Tactile Technologies is a curriculum product that introduces learners to 3D printing technologies and accessibility principles. Modules and interactive, in-person workshops help learners gain the skills needed to transform visual media into a 3D learning experience.
Participants choose their media (usually a children's book), adapt the story into 3D, design/edit 3D models, and create a tactile product. Tactile Technologies updated an aging curriculum and offered a new, project-based learning experience for practicing accessibility in educational environments.
Mobilizing Paris is an interactive mobile app that teaches people the history of power and protest in Paris, France. The app guides users through the streets of Paris and uses augmented reality to digitally (re)place historic images and protest posters. As a result, the app helps learners understand how art, architecture, and city design shapes the mobility of people and protest.

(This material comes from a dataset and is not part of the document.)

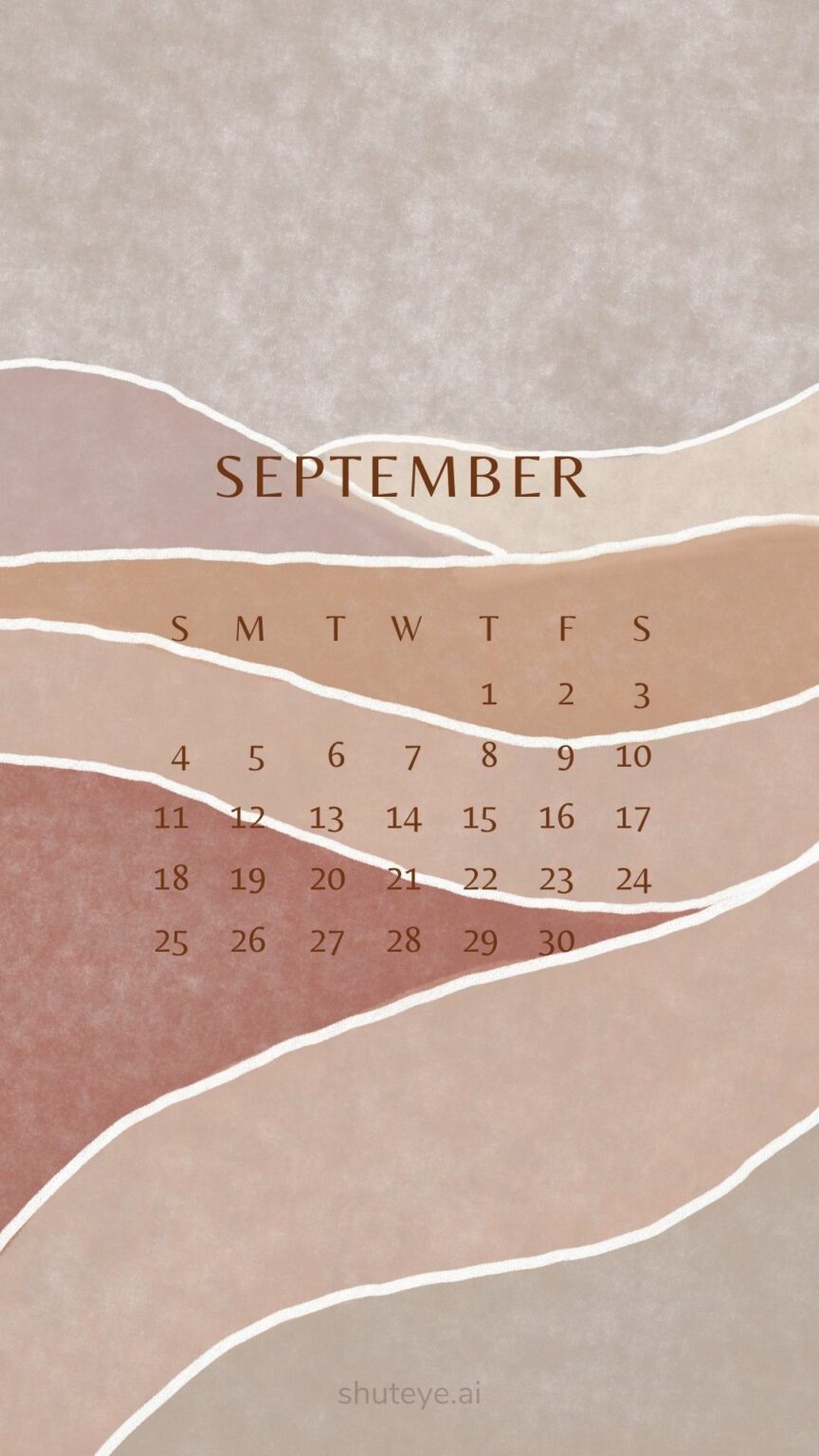 Printable September Calendar 2024 | Free Printable Calendars - ShutEye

Mobilizing Paris uses art to map movements and also serves as a prototype for what I call educational A.R.T. (Augmented Reality Tours). Mobilizing Paris was developed in partnership with the Sorbonne and The Bibliotheque national de France.
Role: Designer, Grant Writer
Responsibilities: Research, Information Architecture, LX Design, eLearning Development, Prototyping, Grant Writing, Narration, User Testing, Evaluation
Audience: Adults in Paris, France, Mobility and Design Scholars
Tools Used: Adobe Illustrator, Photoshop, Premier Pro, HP Reveal, Carto
In May 1968, over 11 million people marched through Paris pasting posters and spraying Marxist graffiti to protest unfair labor conditions and capitalist ideology. The iconic posters ignited the public and wrote a script for resistance in the city streets. Buildings, bridges, and avenues became art galleries that guided protest and people movements.

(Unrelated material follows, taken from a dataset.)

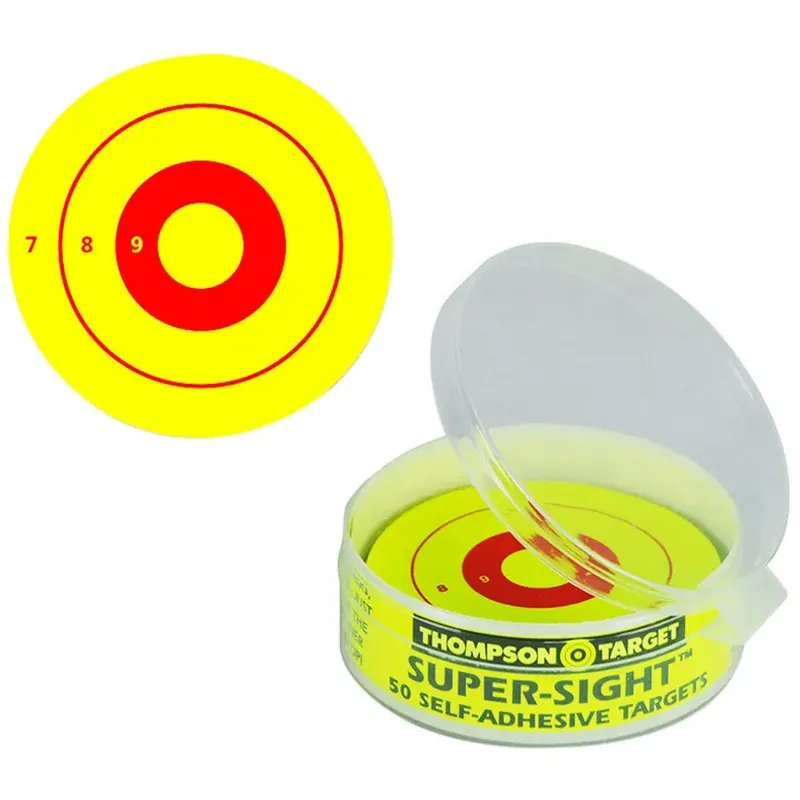 Thompson Target Stick-Um-Up Adhesive Target - 50 pk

While the architecture of Paris remains, the iconic posters have moved from city streets to archives and private collections. The once powerful history has been erased in favor of modern amenities. Historic plaques and markers rarely mention the protest movements and minority voices that shaped the city.
Mobilizing P(AR)IS uses augmented reality to reveal hidden histories. Using GPS and a clickable map, the app guides users to sites of protest and projects archival photos and video through digital overlays. Through an audio narration and AR prompts, learners participate in an interactive history lesson that interfaces with the city streets.

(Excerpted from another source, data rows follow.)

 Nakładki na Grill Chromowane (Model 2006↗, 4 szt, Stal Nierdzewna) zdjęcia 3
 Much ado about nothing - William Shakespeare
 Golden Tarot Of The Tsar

Since the app operates on a European network, the prototypes were developed on site and additional web interfaces help learners access content. The design features minimal text and instead uses icons and images to reduce language barriers. Through the self-guided tour, learners can access historic moments and movements as they walk through the city streets.
The Mobilizing Paris web interface features a downloadable google map that highlights the augmented reality points of interest. Users can follow the map to retrace protest routes, access AR overlays, and learn more about the graffiti and art that inspired people to take to the streets.
Augmented reality trigger points are physical sites that prompt a digital pop-up. Trigger points can be visual or GPS based. Mobilizing Paris includes iconic visual landmarks as well as everyday street signs, historic statues, store fronts, and Wallace Fountains. The tour prioritizes accessibility and moves learners to 34 locations across central Paris.
Digital overlays pop-up and reveal the hidden history of protest in Paris. Overlays feature protest signs and graffiti from May 1968 as well as historic photos and archival materials. The tour amplifies marginalized voices so that learners can experience multiple layers of history and (through their own movements) analyze how city design influences mobility.